- _Pictures with short captions_

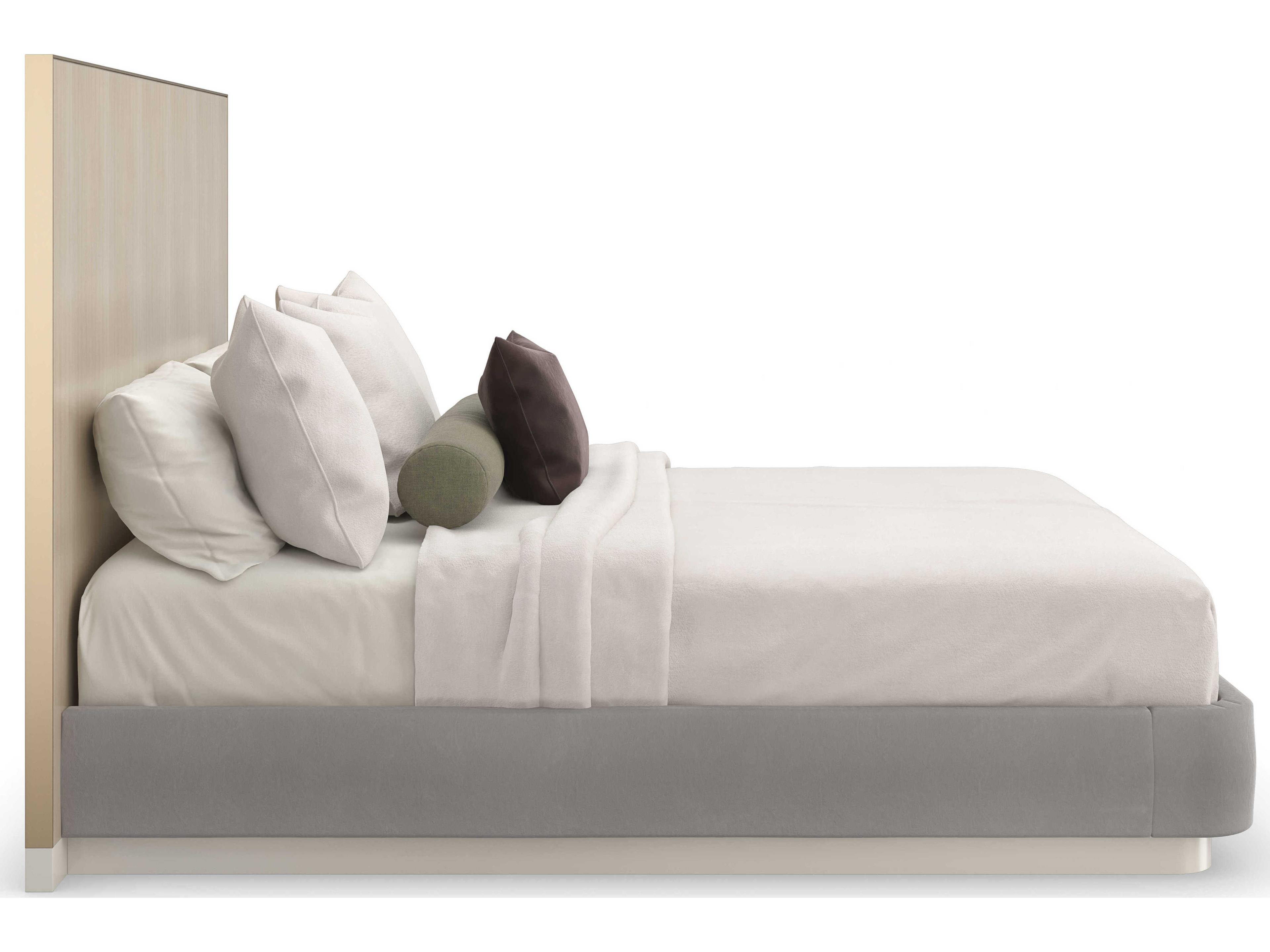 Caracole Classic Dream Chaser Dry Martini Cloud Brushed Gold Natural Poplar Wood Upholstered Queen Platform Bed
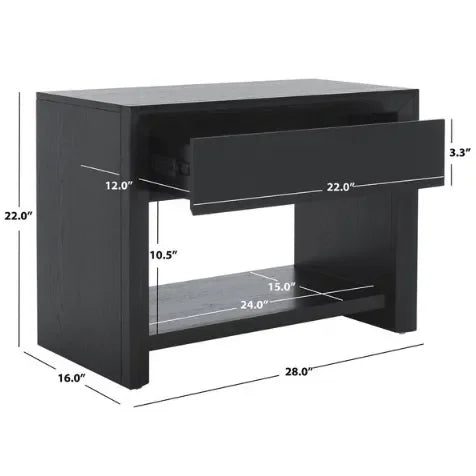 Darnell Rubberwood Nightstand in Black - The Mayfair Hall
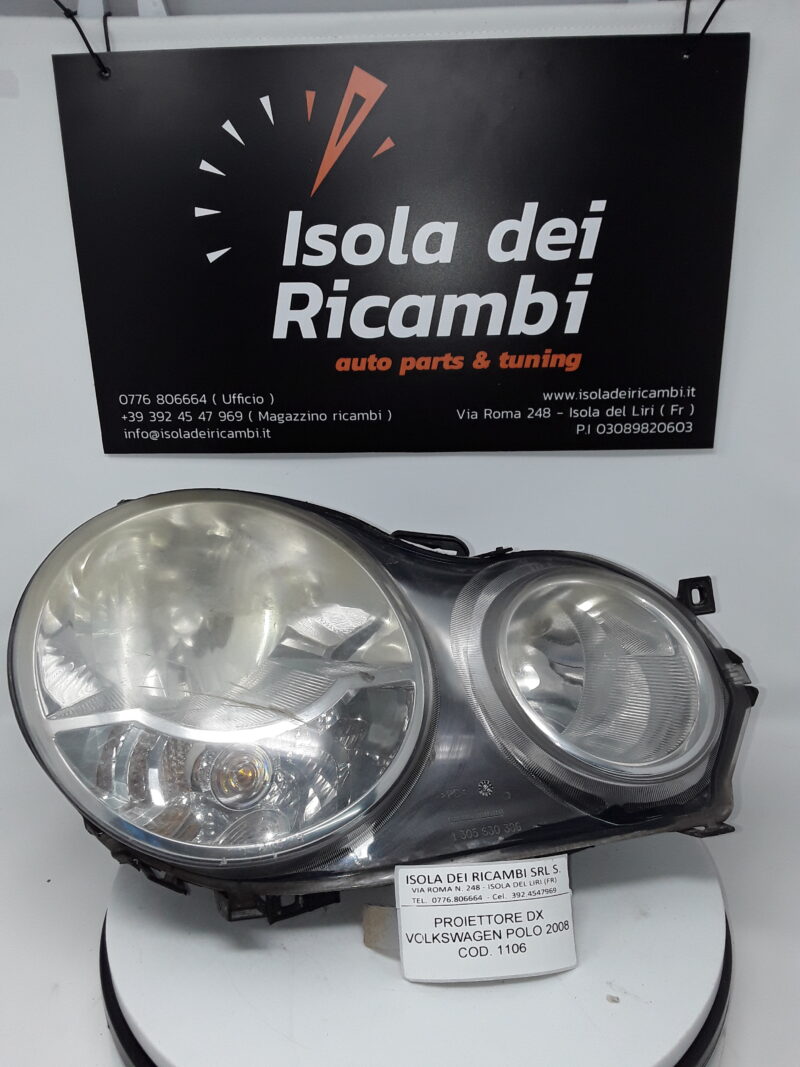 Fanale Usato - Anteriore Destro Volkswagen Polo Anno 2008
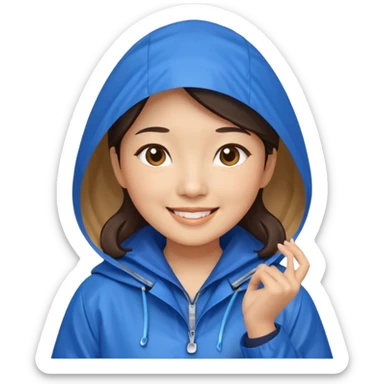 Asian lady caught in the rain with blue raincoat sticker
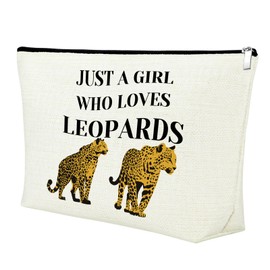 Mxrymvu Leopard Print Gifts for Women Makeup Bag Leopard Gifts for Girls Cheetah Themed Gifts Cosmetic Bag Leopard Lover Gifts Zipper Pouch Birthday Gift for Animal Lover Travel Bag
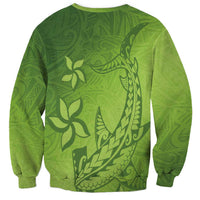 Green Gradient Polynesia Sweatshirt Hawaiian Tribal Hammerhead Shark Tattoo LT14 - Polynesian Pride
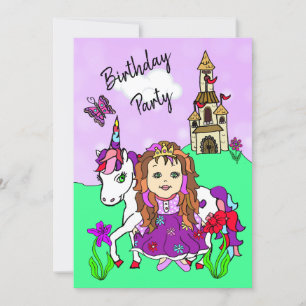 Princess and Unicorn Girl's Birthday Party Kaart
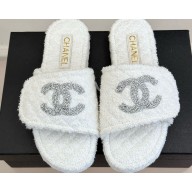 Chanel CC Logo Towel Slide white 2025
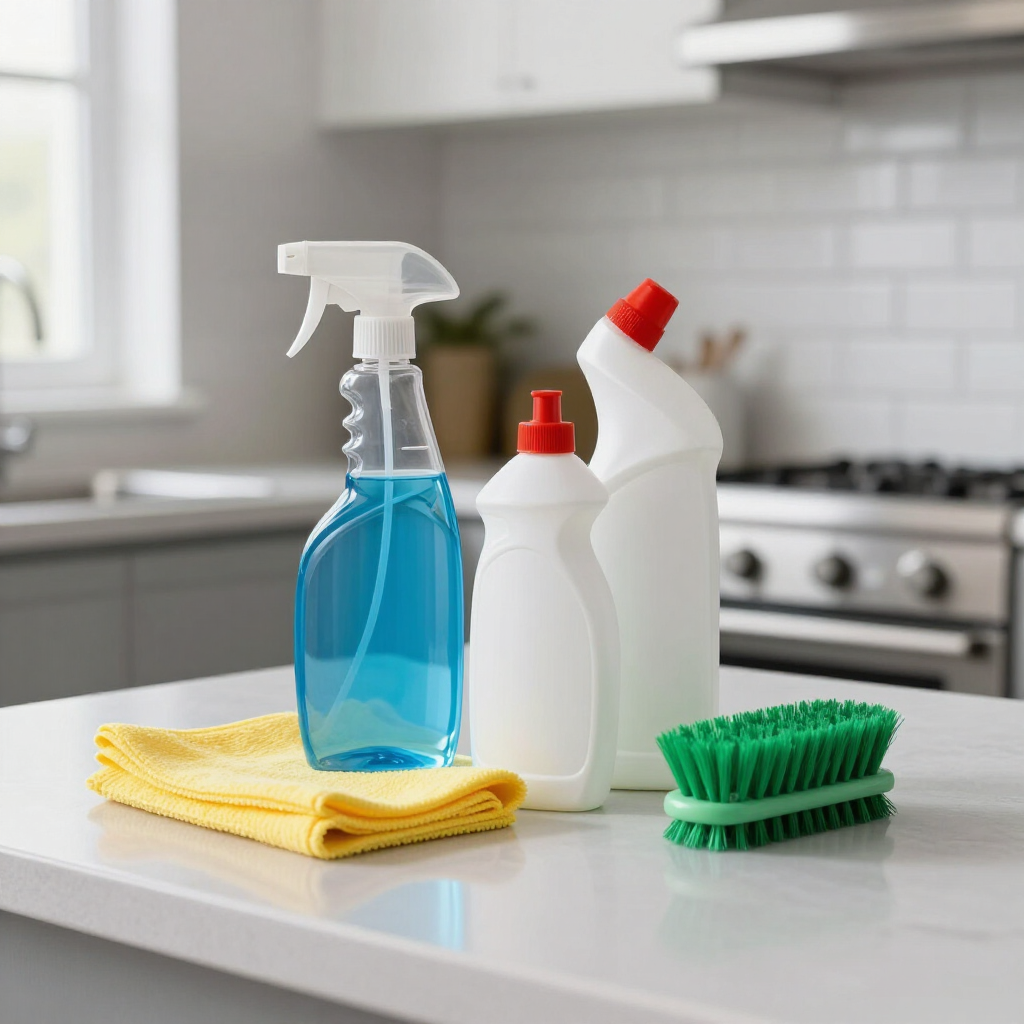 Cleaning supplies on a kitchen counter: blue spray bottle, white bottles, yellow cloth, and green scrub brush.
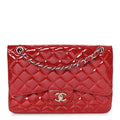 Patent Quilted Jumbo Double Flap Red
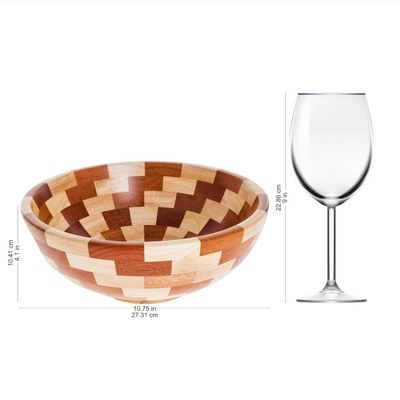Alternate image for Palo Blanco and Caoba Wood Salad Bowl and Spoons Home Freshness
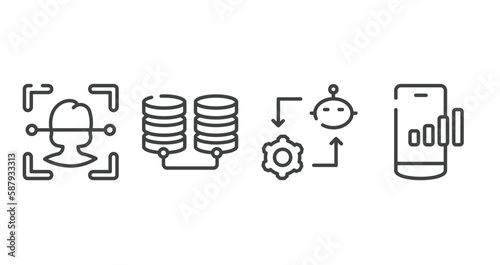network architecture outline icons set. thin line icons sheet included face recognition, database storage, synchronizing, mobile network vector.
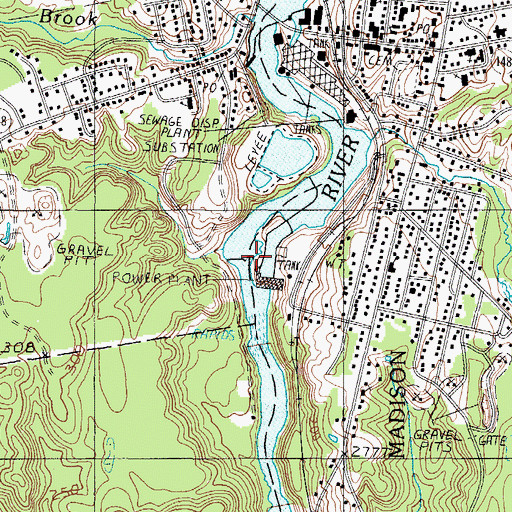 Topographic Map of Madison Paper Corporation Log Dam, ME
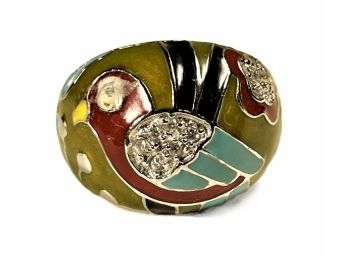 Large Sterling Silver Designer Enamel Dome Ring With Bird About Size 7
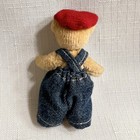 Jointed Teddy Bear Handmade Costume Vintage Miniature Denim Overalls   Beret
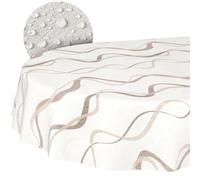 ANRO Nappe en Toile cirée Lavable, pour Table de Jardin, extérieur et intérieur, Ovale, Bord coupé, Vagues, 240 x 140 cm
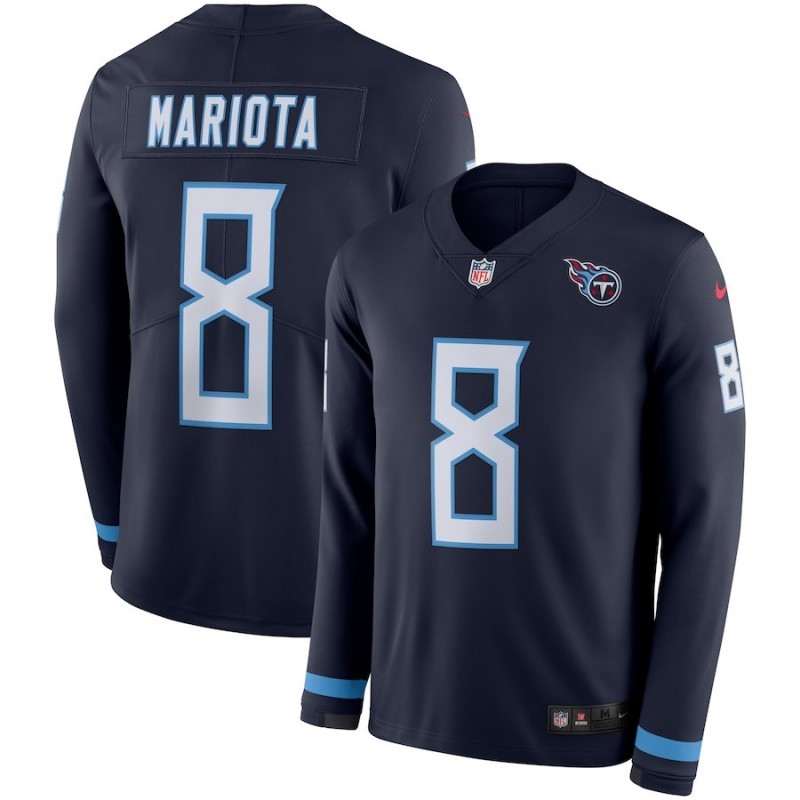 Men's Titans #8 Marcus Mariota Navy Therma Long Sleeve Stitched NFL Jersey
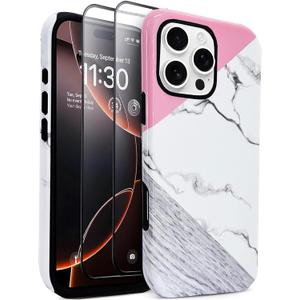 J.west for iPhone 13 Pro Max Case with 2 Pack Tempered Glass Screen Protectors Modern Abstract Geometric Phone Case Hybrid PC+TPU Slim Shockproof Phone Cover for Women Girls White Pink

- _Task description_
Leaving the images behind, set down every entry word for word.

- _Task solution_
 Caracole Classic Dream Chaser Dry Martini Cloud Brushed Gold Natural Poplar Wood Upholstered Queen Platform Bed
 Darnell Rubberwood Nightstand in Black - The Mayfair Hall
 Fanale Usato - Anteriore Destro Volkswagen Polo Anno 2008
 Asian lady caught in the rain with blue raincoat sticker
 Mxrymvu Leopard Print Gifts for Women Makeup Bag Leopard Gifts for Girls Cheetah Themed Gifts Cosmetic Bag Leopard Lover Gifts Zipper Pouch Birthday Gift for Animal Lover Travel Bag
 Green Gradient Polynesia Sweatshirt Hawaiian Tribal Hammerhead Shark Tattoo LT14 - Polynesian Pride
 Princess and Unicorn Girl's Birthday Party Kaart
 Chanel CC Logo Towel Slide white 2025
 Cleaning supplies on a kitchen counter: blue spray bottle, white bottles, yellow cloth, and green scrub brush.
 Patent Quilted Jumbo Double Flap Red
Alternate image for Palo Blanco and Caoba Wood Salad Bowl and Spoons Home Freshness
network architecture outline icons set. thin line icons sheet included face recognition, database storage, synchronizing, mobile network vector.
 Topographic Map of Madison Paper Corporation Log Dam, ME
 Large Sterling Silver Designer Enamel Dome Ring With Bird About Size 7
 Jointed Teddy Bear Handmade Costume Vintage Miniature Denim Overalls   Beret
 ANRO Nappe en Toile cirée Lavable, pour Table de Jardin, extérieur et intérieur, Ovale, Bord coupé, Vagues, 240 x 140 cm
 Men's Titans #8 Marcus Mariota Navy Therma Long Sleeve Stitched NFL Jersey
 J.west for iPhone 13 Pro Max Case with 2 Pack Tempered Glass Screen Protectors Modern Abstract Geometric Phone Case Hybrid PC+TPU Slim Shockproof Phone Cover for Women Girls White Pink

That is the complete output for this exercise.